Training-Conditional Coverage Bounds for Uniformly Stable Learning Algorithms
This work addresses the need for reliable uncertainty quantification in machine learning predictions, offering incremental theoretical improvements for researchers and practitioners using conformal prediction.
The paper tackles the problem of providing theoretical guarantees for training-conditional coverage in conformal prediction methods by deriving bounds based on uniform stability, which is more practical to evaluate than previous notions. It results in coverage bounds for finite-dimensional models, specifically comparing them under ridge regression.
The training-conditional coverage performance of the conformal prediction is known to be empirically sound. Recently, there have been efforts to support this observation with theoretical guarantees. The training-conditional coverage bounds for jackknife+ and full-conformal prediction regions have been established via the notion of $(m,n)$-stability by Liang and Barber~[2023]. Although this notion is weaker than uniform stability, it is not clear how to evaluate it for practical models.
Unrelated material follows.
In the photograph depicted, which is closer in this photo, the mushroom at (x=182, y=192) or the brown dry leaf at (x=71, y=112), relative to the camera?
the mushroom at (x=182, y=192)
In this paper, we study the training-conditional coverage bounds of full-conformal, jackknife+, and CV+ prediction regions from a uniform stability perspective which is known to hold for empirical risk minimization over reproducing kernel Hilbert spaces with convex regularization. We derive coverage bounds for finite-dimensional models by a concentration argument for the (estimated) predictor function, and compare the bounds with existing ones under ridge regression.